Using a crypto wallet is a great way to do so, representing an excellent tool for crypto newbies and experienced investors. Simply put, a crypto wallet is a program or device that holds your crypto keys, enabling you to access and manage your assets. There are two types of self-custody options, namely cold wallets and hot wallets, both providing their own pros and cons, which you must understand to choose the option that works best for you. In what follows, we will discuss how cold and hot wallets work and examine their advantages and disadvantages.
Cold wallets can be accessed without an Internet connection, making them less vulnerable to cybersecurity issues. This feature has made cold wallets a truly popular option after the collapse of FTX – a major crypto exchange that went bankrupt in November 2022 after an alleged cyber-attack that left users’ funds gone. They take the form of hardware devices, such as a USB stick, that can be bought at a price range of $50 to $200. Through their nature, they provide an additional layer of security, as the keys are stored offline. Different types of cold wallets are available, including:
- Hardware Wallet. This type of wallet is an offline device utilized to store public and private keys. It can be a smart card or a USB, which enables you to access your crypto.
- Paper Wallet. This is a physical document with private and public keys written on it and a QR code that facilitates crypto transactions. However, this type of wallet has a considerable downside: if the document gets damaged, it is no longer useful.

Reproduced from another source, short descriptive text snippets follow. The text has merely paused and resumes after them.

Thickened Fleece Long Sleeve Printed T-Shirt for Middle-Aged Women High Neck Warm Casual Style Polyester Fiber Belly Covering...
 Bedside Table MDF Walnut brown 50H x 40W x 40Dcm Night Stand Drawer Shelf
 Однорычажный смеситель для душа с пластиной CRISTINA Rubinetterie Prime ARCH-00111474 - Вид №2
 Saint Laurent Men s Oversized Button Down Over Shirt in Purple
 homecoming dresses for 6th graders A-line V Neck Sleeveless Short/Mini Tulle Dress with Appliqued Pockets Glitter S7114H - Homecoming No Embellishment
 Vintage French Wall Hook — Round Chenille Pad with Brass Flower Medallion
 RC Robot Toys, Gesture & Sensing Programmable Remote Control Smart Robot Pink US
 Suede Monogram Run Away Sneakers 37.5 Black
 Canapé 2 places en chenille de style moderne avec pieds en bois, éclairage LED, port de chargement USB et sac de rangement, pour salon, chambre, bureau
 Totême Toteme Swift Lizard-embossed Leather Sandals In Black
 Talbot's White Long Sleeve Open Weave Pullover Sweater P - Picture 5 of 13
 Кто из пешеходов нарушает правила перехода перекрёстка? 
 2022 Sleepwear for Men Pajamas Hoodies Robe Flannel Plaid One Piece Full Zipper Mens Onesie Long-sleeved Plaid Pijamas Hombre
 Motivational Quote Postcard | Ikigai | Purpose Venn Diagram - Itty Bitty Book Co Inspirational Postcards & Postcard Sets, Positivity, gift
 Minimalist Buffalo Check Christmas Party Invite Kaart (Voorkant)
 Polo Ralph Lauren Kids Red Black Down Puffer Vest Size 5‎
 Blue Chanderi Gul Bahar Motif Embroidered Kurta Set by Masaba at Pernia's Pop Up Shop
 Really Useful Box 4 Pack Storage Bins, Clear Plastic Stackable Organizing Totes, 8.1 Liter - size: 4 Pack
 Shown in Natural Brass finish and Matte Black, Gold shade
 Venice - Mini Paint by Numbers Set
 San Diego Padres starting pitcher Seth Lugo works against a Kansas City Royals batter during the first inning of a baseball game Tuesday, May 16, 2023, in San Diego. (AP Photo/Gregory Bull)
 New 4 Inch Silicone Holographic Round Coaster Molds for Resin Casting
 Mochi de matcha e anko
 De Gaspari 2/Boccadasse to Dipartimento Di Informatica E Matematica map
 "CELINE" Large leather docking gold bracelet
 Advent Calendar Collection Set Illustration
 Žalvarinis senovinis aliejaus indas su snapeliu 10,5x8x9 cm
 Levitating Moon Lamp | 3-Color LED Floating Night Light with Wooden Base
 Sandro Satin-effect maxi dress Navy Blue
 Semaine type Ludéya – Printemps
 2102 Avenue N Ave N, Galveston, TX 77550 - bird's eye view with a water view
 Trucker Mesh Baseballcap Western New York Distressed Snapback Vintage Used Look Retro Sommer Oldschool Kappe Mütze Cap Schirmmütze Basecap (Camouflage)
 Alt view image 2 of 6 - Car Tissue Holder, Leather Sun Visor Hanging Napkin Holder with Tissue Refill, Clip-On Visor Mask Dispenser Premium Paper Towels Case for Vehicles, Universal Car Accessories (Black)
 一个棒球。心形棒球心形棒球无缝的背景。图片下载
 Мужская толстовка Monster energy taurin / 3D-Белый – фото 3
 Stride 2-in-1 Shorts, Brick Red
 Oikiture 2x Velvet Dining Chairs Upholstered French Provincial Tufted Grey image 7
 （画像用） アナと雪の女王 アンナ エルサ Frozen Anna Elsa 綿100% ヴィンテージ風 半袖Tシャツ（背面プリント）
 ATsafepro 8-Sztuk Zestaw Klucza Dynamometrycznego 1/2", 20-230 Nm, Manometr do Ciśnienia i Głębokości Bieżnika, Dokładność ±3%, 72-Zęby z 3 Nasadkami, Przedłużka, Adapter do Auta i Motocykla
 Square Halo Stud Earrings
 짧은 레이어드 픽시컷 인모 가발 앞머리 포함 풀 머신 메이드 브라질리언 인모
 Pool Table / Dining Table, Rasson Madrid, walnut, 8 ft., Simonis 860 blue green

- Deep Cold Storage. This type of wallet is designed for users who want to go out of their way to safeguard their crypto funds. It involves methods like burying your private keys under the ground or breaking them into several parts and putting them in different vault services.
Pros and Cons of Cold Wallets
- They provide increased security by storing private keys offline in several locations; They encourage long-term crypto investing, which is more lucrative;
- They reduce the risk of physical theft of users’ funds;
- They are immune to security problems and don’t require software upgrades.
- They aren’t very convenient, requiring users to go through multiple steps before they can sign a transaction;
- They aren’t free, as users must pay around $50-$300 to get a decent cold wallet;
- They can be complicated to use and can be lost easily.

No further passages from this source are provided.